I deal with these sort of requests at least once a week, in addition  
to never ending requests from theater and dance companies. Here are a  
few things to consider...and I don't know your exact situation so  
they might not all apply...

First of all, no matter how simple a license, the time you spend  
thinking about it, emailing, negotiating, and drafting up  
documents...that is your valuable time lost. If you give your music  
to someone for free, it's like *you* are paying *them*. This might be  
hard for them to grasp, but imagine if you were to get requests like  
this almost every day then you'd be spending all your time doing  
this. Sometimes a well-organized production company  sends you a  
nicely spelled out license where all you have to do is add a few bits  
and send it back. But often, it is left to the composer or their  
representative to draft a license, and this takes time.

In my experience, very few films make it past the festival stage, or  
even into any major festivals. Even when they do, the creator of the  
underscore music is not usually feted (other than by other  
musicians!). Yes, it is great for your resume and if you want to grow  
your list of credits, but I find that directors and producers highly  
overestimate the amount of publicity a composer will get for  
contributing music. Composing the entire score is entirely different....

The budget is always tight. I've worked on some Hollywood films, and  
even they claim the budget is very tight. No one wants to pay anyone  
if they can help it but would they not pay their crew? What about  
their lawyers? Music should be, and is, budgeted for in the  
production costs, just like any other service...unless they are  
clueless amateurs (in which case you should educate them).

The equation to keep in mind is: your music in exchange for X.
X = publicity, or money, or resume building, or a combination of the  
So think about what X is for you.

There are cases where it really is worth it to give someone music for  
social, or creative, or you really love someone's movie, and in those  
situations you feel good about giving your music away. Just examine  
your motives and make sure that you're not giving someone your music  
because you are flattered, or it makes you feel validated.

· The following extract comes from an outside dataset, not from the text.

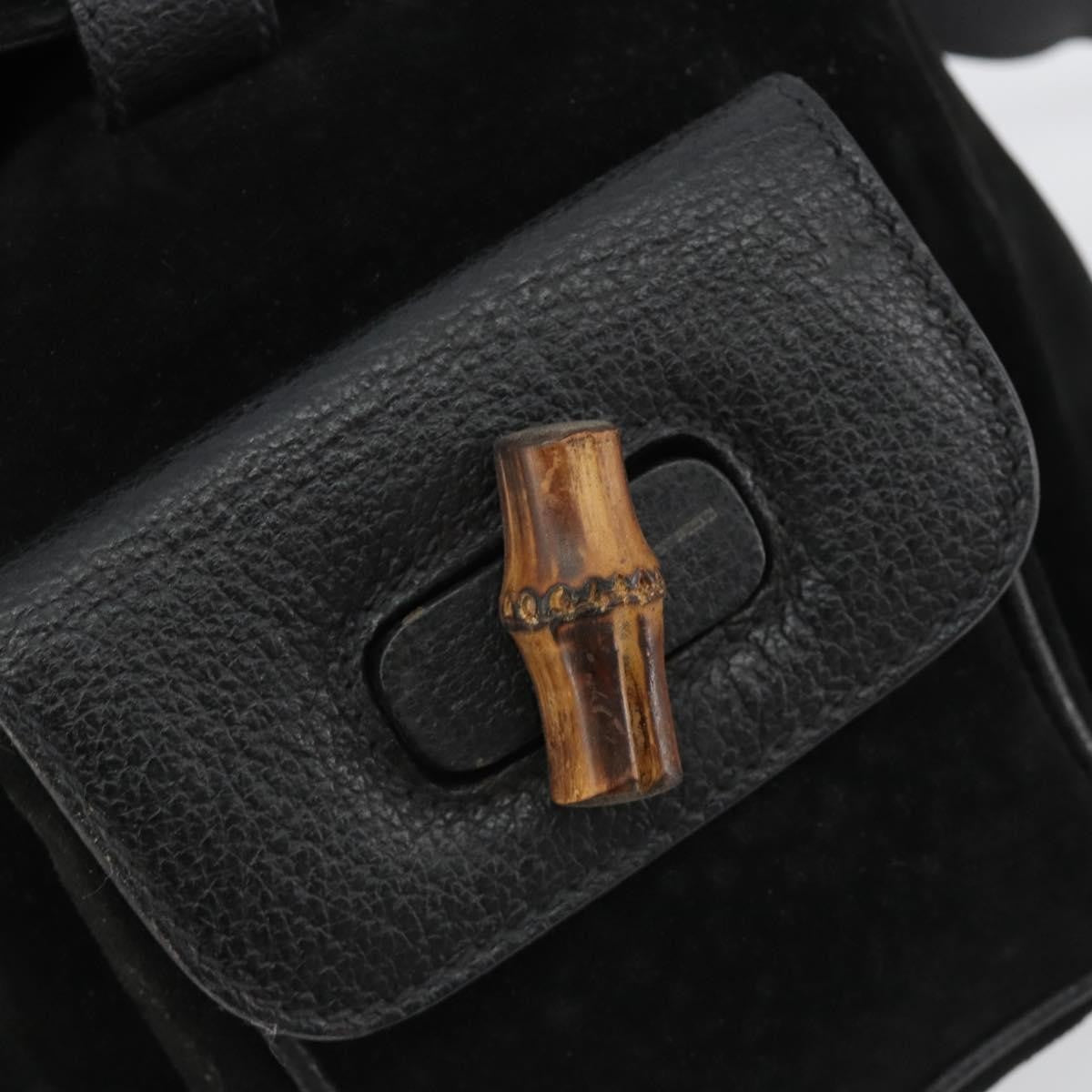 Gucci Gucci Bamboo Daim Black Suede Backpack Bag (Pre-Owned)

A simple approach is to offer your music for a limited term festival  
synchronization and master license for a small "honorarium". The  
license allows them to use your music music in their film for 1 year  
(or sometimes 2 years). Pricewise, a label like Nonesuch might quote  
$500 per track for a 1 year festival license for a well-known artist,  
and then the publisher of the song might also quote $500...for a  
total of $1000. If you are both the publisher and the record label,  
you can be "nice" and offer a 1 year master/sync combined for say  
$400 ($200 sync + $200 master). That is my low floor. You can write  
up the contract to be automatically renewable, so they pay you every  

What comes after a festival license is more complicated...a buy out?  
Royalties per DVD? In my experience, very few films make it past the  
festival stage, although every director thinks theirs will! I've had  
it written up in the festival licenses that a second "option" will be  
exercised if the film is bought, or it goes to dvd, etc. Sometimes  
that 2nd option is spelled out in excruciating detail, and sometimes  
it is just stated that a good faith negotiation will occur.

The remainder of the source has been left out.